Lucien Rey writes: The main purpose of Branka Magas’s article, as I understand it, is to show that there are a number of crucial theoretical shortcomings in the three books she is reviewing. For instance, they are confused about the concept of ‘equality’, they have an unrealistic historical perspective, they underplay the concepts of ‘class’ and ‘property’ and overplay ‘sexual politics’ and man-woman oppression—in short, none of them could be properly called Marxist. Subsidiary to this, and less explicit, I think the article has a second purpose, which is to claim that the theoretical bases for a correct analysis of women’s oppression are to be found in Engels’ Origins and in the writings of Freud.

It has become traditional on the left to contrast ‘Marxism’ with ‘feminism’ and this kind of contrast seems to me to colour the strategy Magas adopts towards these books, concentrating on their shortcomings and implying the existence (potential, perhaps, but not too distant) of an alternative Marxist model. I think this is far from the truth. As far as I can judge, there is little of value written on women’s oppression within the Marxist tradition and perhaps even less within the Freudian tradition. I am also extremely suspicious of the Marxism/ feminism contrast.

I would like to give an example to show why I am so doubtful. An important section of Magas’s article is devoted to Eva Figes’s attack on Rousseau. There is a good reason for this. Rousseau is widely regarded by Marxists as prefiguring the revolutionary ideas of Marx and Lenin. Yet Figes characterizes him as a particularly rabid sexist and it is obviously impossible to refute this. The temptation, which Magas avoids, without drawing the full conclusions from her own argument, is to separate the good, ‘revolutionary’ Rousseau from the bad ‘sexist’ Rousseau and weigh one against the other, balancing the Discourse on the Origins of Inequality against Emile, La Nouvelle Heloise, etc.

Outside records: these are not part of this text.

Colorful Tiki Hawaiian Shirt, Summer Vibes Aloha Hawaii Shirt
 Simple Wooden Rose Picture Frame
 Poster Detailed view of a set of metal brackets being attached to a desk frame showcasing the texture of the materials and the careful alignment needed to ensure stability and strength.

This seems to me to put matters the wrong way round. The fact that Rousseau was a rabid sexist surely casts doubts on the claim that he prefigures Marxism and Leninism, yet this is a problem which is totally ignored by Marxist commentaries on Rousseau, including those of Della Volpe, Colletti and Althusser. Figes remarks that reading the Social Contract you might imagine mankind was uni-sexual and you might still imagine this after reading Della Volpe, Colletti and Althusser as well.